One of the major issues I had was in trying to pin down precise locations for each household. As can be seen in my table, I was not able to find any location information for three of my households. Even for the ones that I did, my confidence in their accuracy is shaky at best. When the census data lists a John Burke working as a laborer, and the directory lists 25 or more John Burkes, six of whom are laborers, I struggled to pin down an exact address with any real confidence. I relied on two maps, including Samuel Augustus Mitchell’s 1870 map of the city, and Rufus Blanchard’s 1872 map. While I could use these maps to narrow down my possible addresses, when the 1869 and 1871 directories show a couple of John Burkes who lived near the Ninth Ward, it is hard to be sure in choosing the correct address. With more time to go over maps of the Ninth Ward, I probably could have more confidence in my locations. Even so, this would not help me when the directory fails to provide addresses for some of my families.
It also seem as though the directory was not perfect. One of my families is listed in the census records as “Carmidy”, headed by an Irish-born painter named Michael. There is no entry for any Carmidy in the 1869 or 1871 directory, but there is a record of a painter named Michael Carmody living at 93 William Street (quick side note: the 1869 directory lists the address as William Street, while the 1871 directory calls it W. Williams Street). This location would place the family within the Ninth Ward. It seems entirely possible to me that the directory publishers accidentally listed Michael Carmidy as Michael Carmody. I know that when my great-grandparents immigrated to the US, they ran into a similar issue upon arriving: their family name of Byrom was accidentally listed as Byron by the customs agents. This slip-up has caused bureaucratic difficulty for our family ever since as some of our familial records are listed under a different surname.

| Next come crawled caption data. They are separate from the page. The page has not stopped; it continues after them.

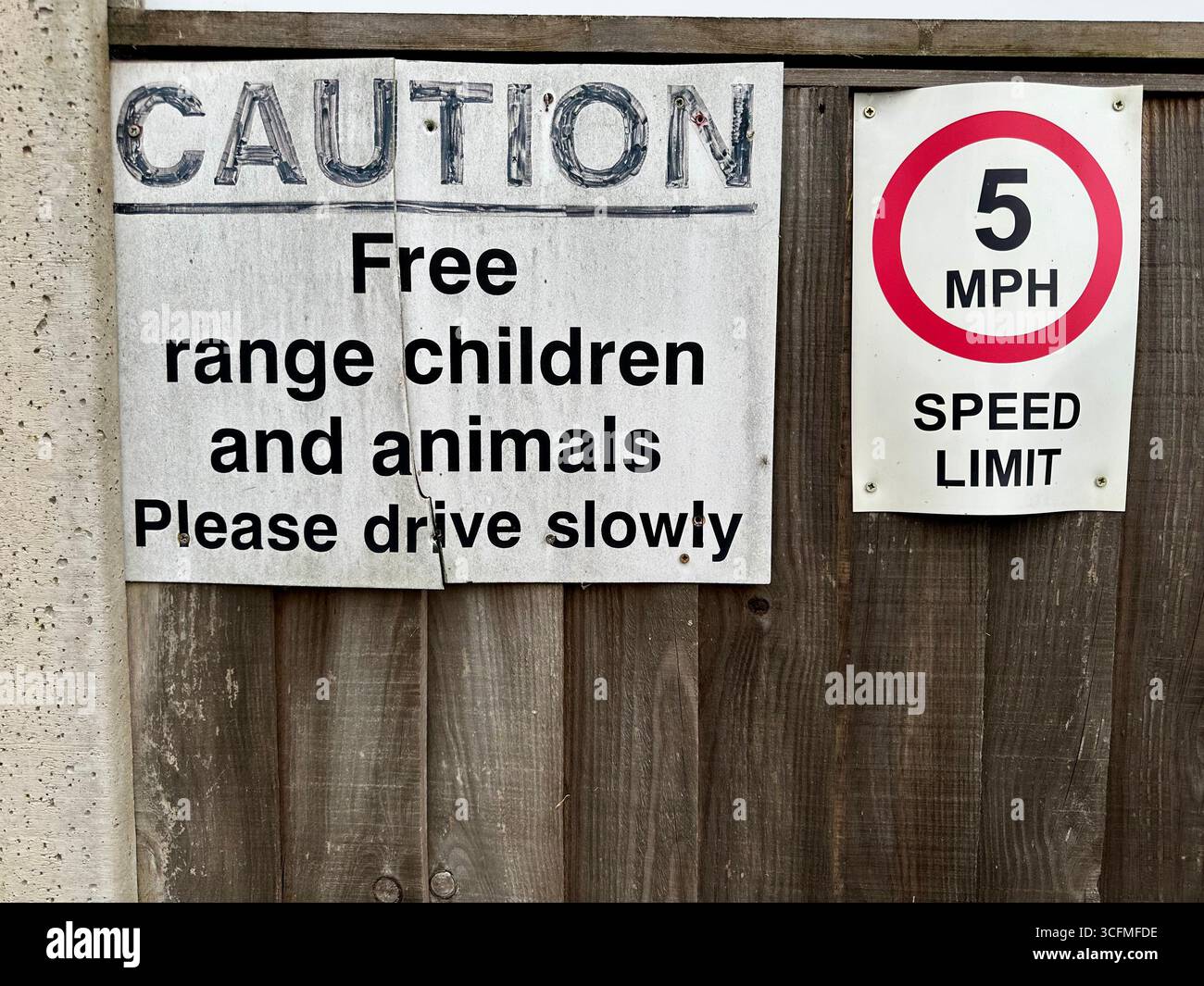 Schilder mit einer Geschwindigkeitsbegrenzung von 5 mph, ein Schild mit der Aufschrift Achtung Freie Reichweite Kinder und Tiere bitte langsam fahren Stockfoto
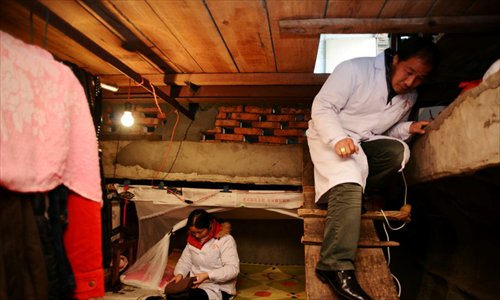  He reaches for something while Xie lays out clothes. Photo: CFP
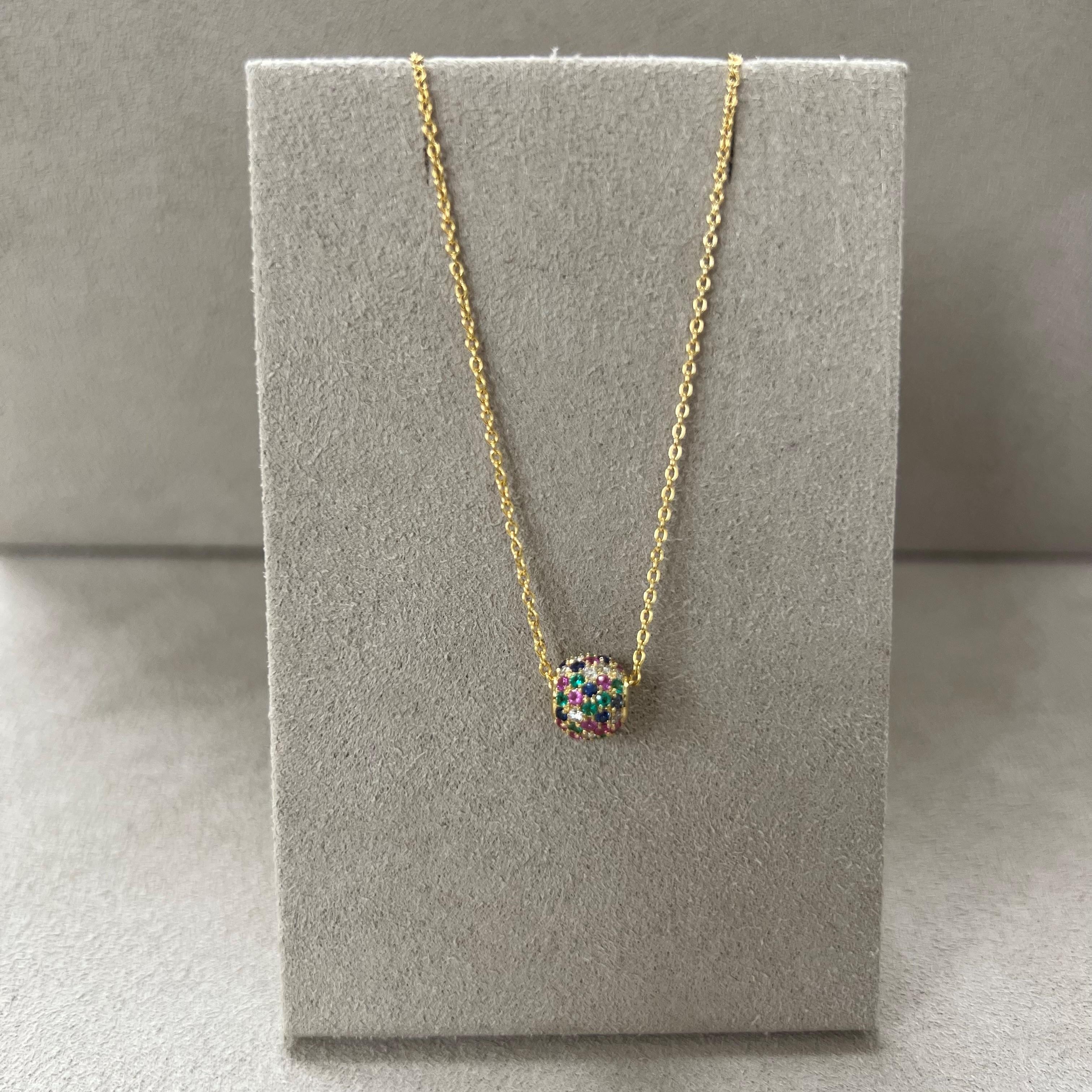 Created in 18 karat yellow gold
Emerald 0.10 carat approx.
Multi color Sapphires 0.40 carat approx.
Diamonds 0.15 carat approx.
18kyg 18 inch chain with 18kyg lobster lock
The chain can be worn at 17 & 16 inches as well



About the Designers ~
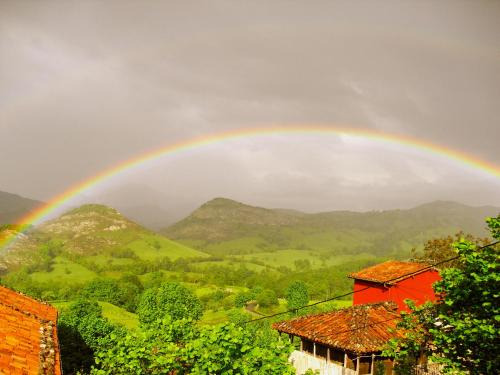 a rainbow in the sky over a mountain at Hotel Rural El Rexacu in Bobia de Arriba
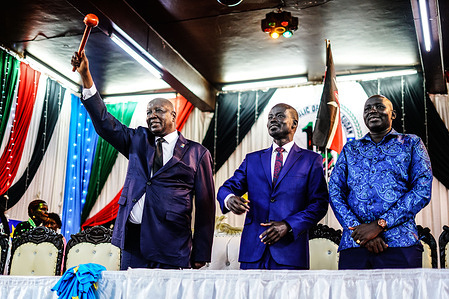 South Sudan s' Ambassador to Kenya, H.E. Amb. Anthony Louis Kon (3L) gestures during celebrations to mark the 14th anniversary of South Sudan’s independence from Sudan.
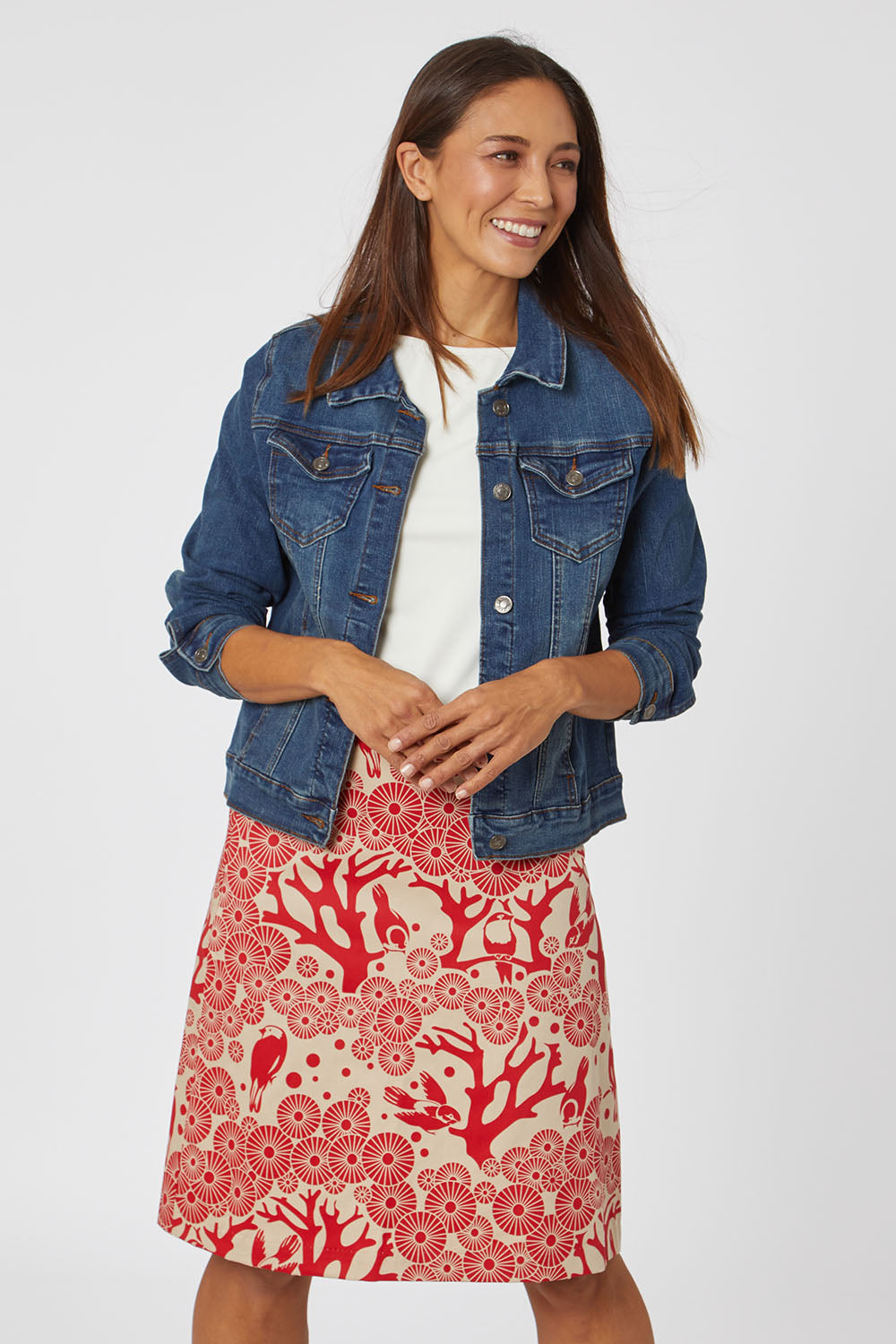 Model Cara wearing size S of the Mikko Aline Skirt in colour LipChino (Red), from the front, cropped image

In all, I think this sort of research can offer great opportunities to the committed researcher. I am disappointed that I cannot report my household locations with greater confidence, but feel that my given addresses are more or less acceptable. Location aside, looking through the census records still is an enlightening experience. To be able to view such extensive records so easily is remarkable, and the insight gained from even one page shows the potential of an aggregation of data. With more census records, we could view a greater picture of the ethnic makeup of this section of Chicago as it was immediately before the Great Fire. Information on social status, labor conditions, and more can be gleaned from census records. Though it takes some commitment, the payoff of such research can be rewarding and insightful.